Nel particolare, infatti, tramite il consumo dell’indicatore del vigore, il giocatore deve studiare bene le pareti che vuole scalare e individuarne di conseguenza le sporgenze giuste per riposare e portare tatticamente in porto l’impresa. Un approfondimento, giustamente, però, meritano anche i già nominati sacrari con i loro micro enigmi, e i dungeons che sono presenti in ogni Zelda che si rispetti. Per cominciare, sia le dimensioni dei primi che dei secondi sono contenute in modo da favorire l’approccio portatile “mordi e fuggi” legato a una generazione di ragazzini cresciuti a pane e giochetti per cellulari, e ad una larga fetta di ragazzi e adulti ormai troppo impegnati da una vita frenetica. Abbiamo dunque alcuni sacrari formati da uno o due stanze che possono favorire una partitella da 15 minuti in tram, e dei dungeons veri e propri che non superano le otto-nove stanze. In ogni caso, gli enigmi all’interno degli stessi risultano più volte brillanti e risolvibili, oltre a poter essere completati per la prima volta (udite udite) con approcci multipli e sempre stimolanti per il videogiocatore.
Ad assisterlo nella risoluzione dei vari rompicapo ci pensano le tre nuove armi messegli subito a disposizione per questo nuovo episodio: Il Glacior, il Kalamitron, e lo Stasys, con il primo deputato ad erigere blocchi di ghiaccio su superfici liquide, il secondo ad attirare a sè oggetti dalla superficie metallica e il terzo, il più particolare, a fermare nel tempo oggetti e soggetti di varia natura, a cui si può imprimere una forza cinetica tramite dei colpi infertigli con armi di varia natura. Insomma, un vero e proprio cocktail effervescente di possibilità ed esaltazione.
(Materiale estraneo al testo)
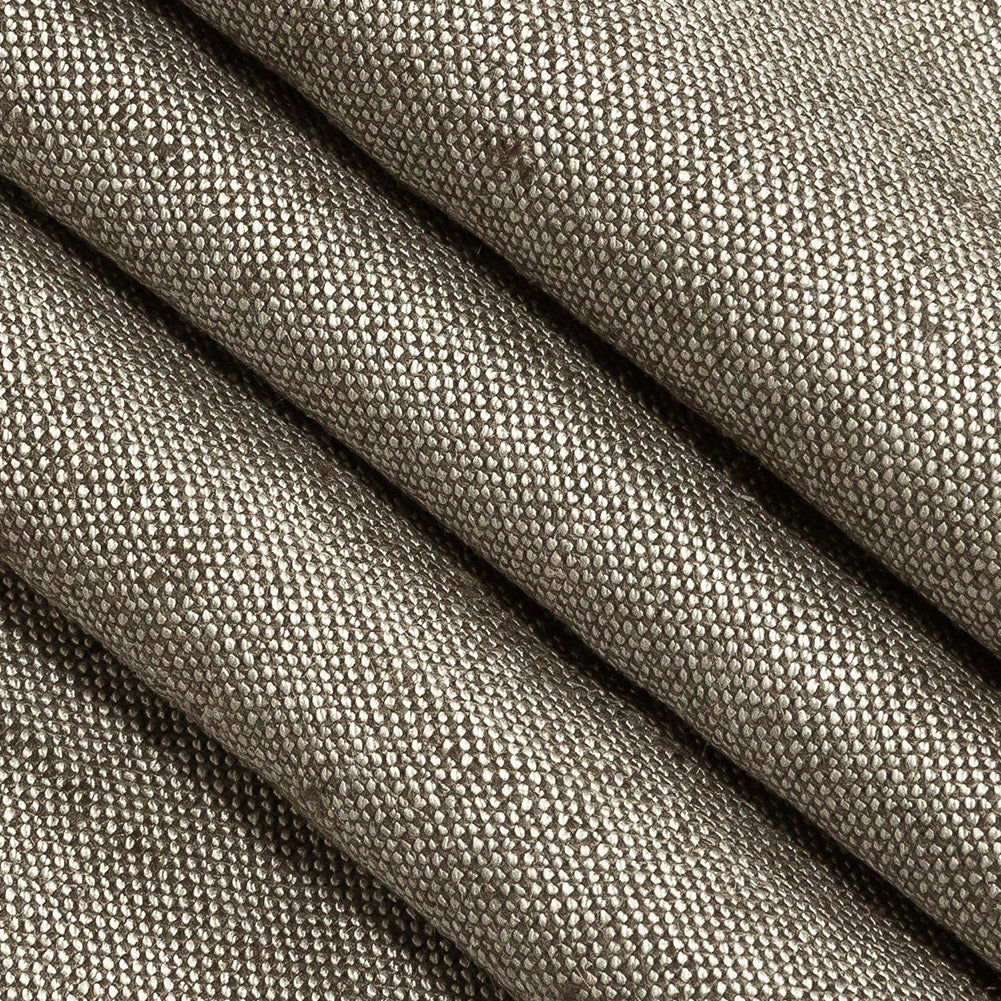 Heathered Mushroom Stretch Linen and Rayon Woven Folded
Per quanto concerne invece il paragrafo legato alle missioni secondarie, anche qui ci troviamo di fronte ad una sfida ricchissima e variegata: le richieste dei vari personaggi non giocanti si mescolano tra di loro nelle modalità di esecuzione in maniera esauriente e coinvolgente. Avremo a che fare, snocciolandone un po’, con corse con i propri destrieri, ricerche di insetti e ingredienti per preparare pozioni efficaci e piatti prelibati, enigmi musicali, percorsi in cui bisogna accendere delle fiaccole entro un tempo limitato e così via. A proposito di npg, di bestiario e mostri vari, anche in questo aspetto il gioco dimostra la sua cura nel dettaglio e la voglia di essere vivo anche oltre i propri limiti, proponendo individui che vanno a letto durante la notte, che ingaggiano lotte quando vengono attaccati da diversi nemici, e che a volte si dimostrano diversi da ciò che sembrano, stupendo così il giocatore. I mostri, invece, oltre ad essere abbastanza ben variegati, dal canto loro reagiranno all’ambiente in maniera credibile e a volte sorprendente, per esempio ballando in gruppo intorno a un fuoco, raccogliendo le armi lasciate sulla rastrelliera e avvantaggiandosi con pietre e sassi raccolti da terra, da scagliare contro il nemico una volta sprovvisti delle proprie mazze o armi bianche. Uno spettacolo.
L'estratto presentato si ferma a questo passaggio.